4.1 Storage requirements for the master dataset

To determine the requirements for data storage, you must consider how your data will be written and how it will be read. The role of the batch layer within the Lambda Architecture affects both values.

In chapter 2 we emphasized two key properties of data: data is immutable and eternally true. Consequently, each piece of your data will be written once and only once. There is no need to ever alter your data – the only write operation will be to add ad new data unit to your dataset. The storage solution must therefore be optimized to handle a large, constantly growing set of data.

The batch layer is also responsible for computing functions on the dataset to produce the batch views. This means the batch layer storage system needs to be good at reading lots of data at once. In particular, random access to individual pieces of data is not required.

With this “write once, bulk read many times” paradigm in mind, we can create a checklist of requirements for the data storage.

4.2 Choosing a storage solution for the batch layer

With the requirements checklist in hand, you can now consider options for batch layer storage. With such loose requirements – not even needing random access to the data – it seems like you could use pretty much any distributed database for the master dataset.

4.2.1 Using a key/value store for the master dataset

We haven't discussed distributed key/value stores yet, but you can essentially think of them as giant persistent hashmaps that are distributed among many machines. If you're storing a master dataset on a key/value store, the first thing you have to figure out is what the keys should be and what the values should be.

What a value should be is obvious – it's a piece of data you want to store – but what should a key be? There's no natural key in the data model, nor is one necessary because the data is meant to be consumed in bulk. So you immediately hit an impedance mismatch between the data model and how key/value stores work. The only really viable idea is to generate a UUID to use as a key.

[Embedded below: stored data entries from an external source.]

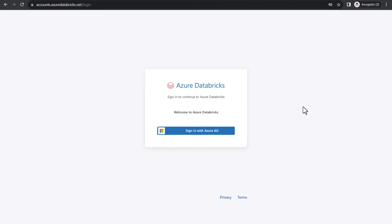You can access account console by visiting accounts.azuredatabricks.net. I will attach this link and Microsoft documentation to help you with how to access your Databricks account in the description section.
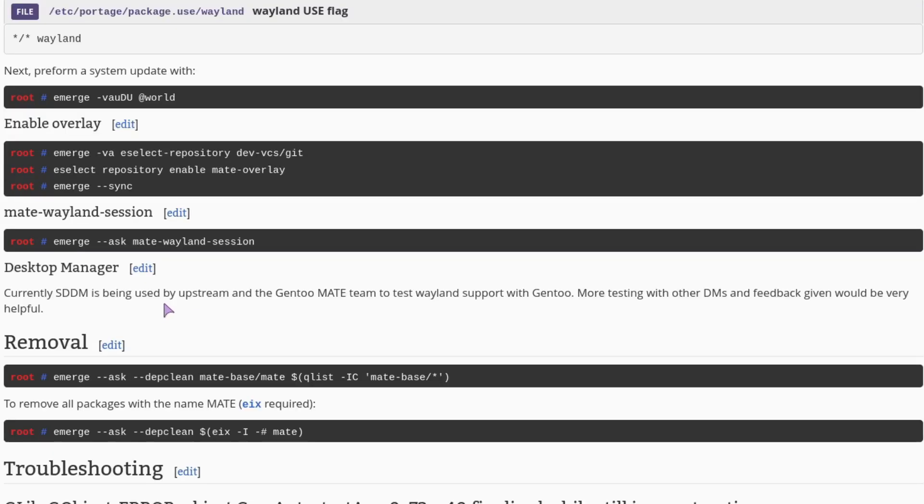Next you need to emerge the Matto Weyland session ebuild. And finally, here comes the display manager. Now, it seems upstream and myself are using SDDM, the KDE launcher, to load this.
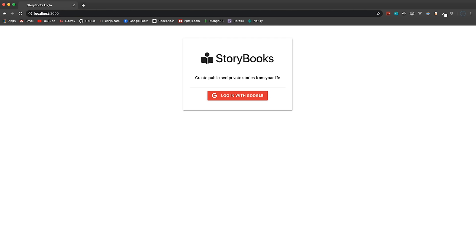This is probably the longest video I've ever done — we're going to jam-pack this application build into one video, about two and a half hours long. We're creating a Storybooks app, which is a CRUD application, but we're also adding Google OAuth using Passport, sessions and cookies. We'll use MongoDB to store our users, stories, and sessions in the database.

But this is only the start of the problems with using key/value stores for a master dataset. Because key/value store need fine-grained access to key/value pairs to do random reads and writes, you can't compress multiple key/value pairs together. So you're severely limited in tuning the trade-off between storage costs and processing costs.

Key/value stores are meant to be used as mutable stores, which is a problem if enforcing immutability is so crucial for the master dataset. Unless you modify the code of the key/value store you're using, you typically can't disable the ability to modify existing key/value pairs.

The biggest problem, though, is that a key/value store has a lot of things you don't need: random reads, random writes, and all the machinery behind making those work. In fact, most of the implementation of a key/value store is dedicated to these features you don't need at all. This means the tool is enormously more complex than it needs to be to meet your requirements, making it much more likely you'll have a problem with it. Additionally, the key/value store indexes your data and provides unneeded services, which will increase your storage costs and lower your performance when reading and writing data.

4.2.2 Distributed filesystems

It turns out there's a type of technology that you're already intimately familiar with that's a perfect fit for batch layer storage: filesystem.

Files are sequences of bytes, and the most efficient way to consume them is by scanning through them. They're stored sequentially on disk (sometimes they're split into blocks, but reading and writing is still essentially sequential). You have full control over the bytes of a file, and you have the full freedom to compress them however you want. Unlike a key/value store, a filesystem gives you exactly what you need and no more, while also not limiting your abilit to tune storage cost versus processing cost. On top of that, filesystems implement fine-grained permission system, which are perfect for enforcing immutability.

The problem with a regular filesystems is that it exists on just a single machine, so you can only scale to the storage limits and processing power of that one machine. But it turns out that there's a class of technologies called distributed filesystems that is quite is similar to the filesystems you're familiar with, except they spread their storage across a cluster of computers. They scale by adding more machines to the cluster. Distributed fielsystems are designed so that you have fault tolerance when a machine goes down, meaning that if you lose one machine, all your files and data will still be accessible.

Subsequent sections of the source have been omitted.